# Exercise
Each line below from the line with "Il manoeuvre un" to the line with "nhà mới xây" must be copied exactly, including those two, and no picture may appear in the copy.

# Data provided
"""
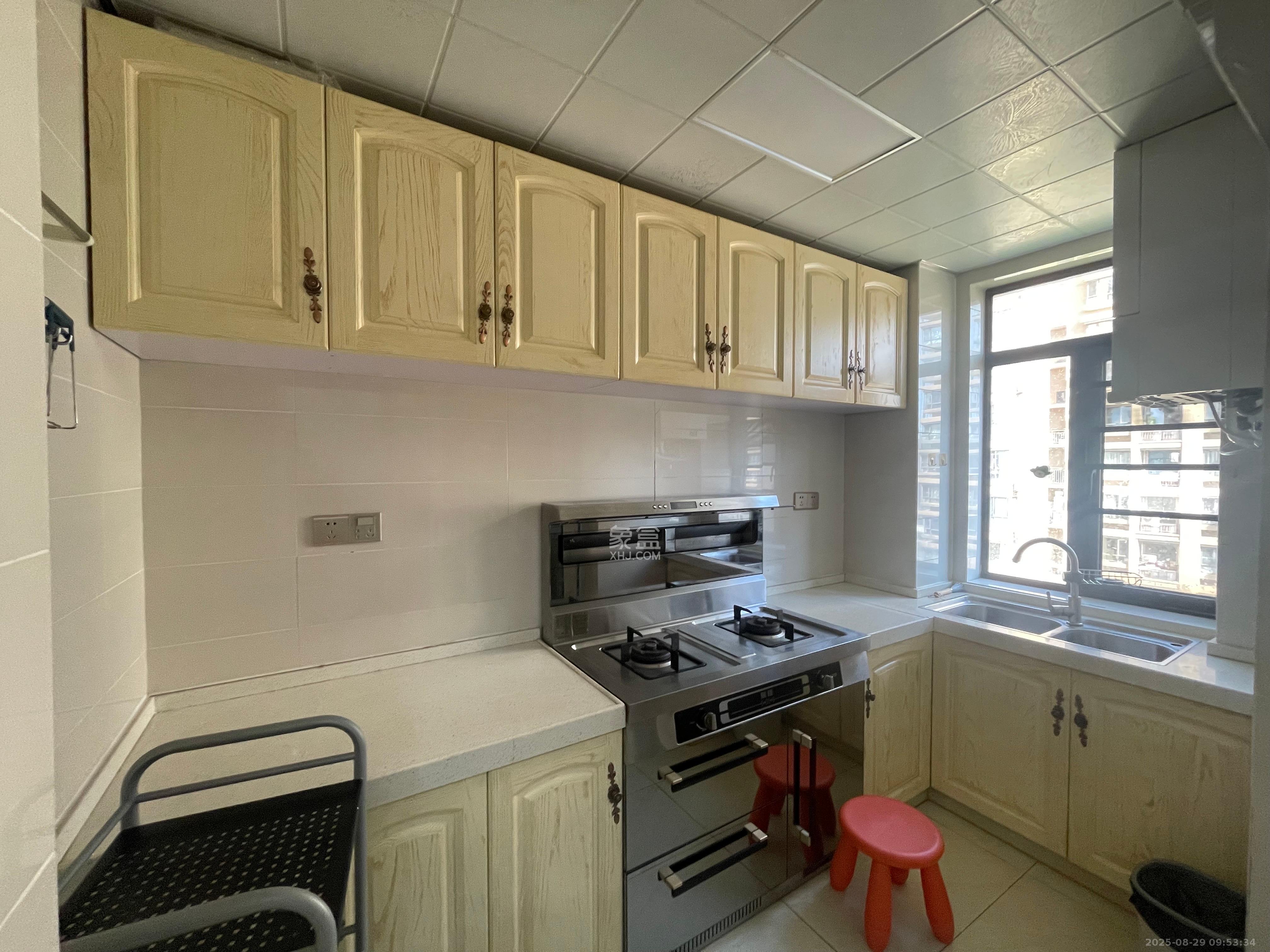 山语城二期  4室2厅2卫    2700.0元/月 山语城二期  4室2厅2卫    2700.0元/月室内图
"""
"""
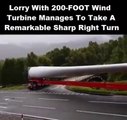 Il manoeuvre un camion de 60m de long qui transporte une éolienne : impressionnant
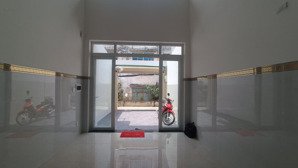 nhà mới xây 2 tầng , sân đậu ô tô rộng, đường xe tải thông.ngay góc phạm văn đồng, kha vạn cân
"""
"""
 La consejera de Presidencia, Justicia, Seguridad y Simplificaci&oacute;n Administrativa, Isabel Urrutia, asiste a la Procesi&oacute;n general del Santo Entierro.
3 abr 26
"""
# Exercise response
 Il manoeuvre un camion de 60m de long qui transporte une éolienne : impressionnant
 nhà mới xây 2 tầng , sân đậu ô tô rộng, đường xe tải thông.ngay góc phạm văn đồng, kha vạn cân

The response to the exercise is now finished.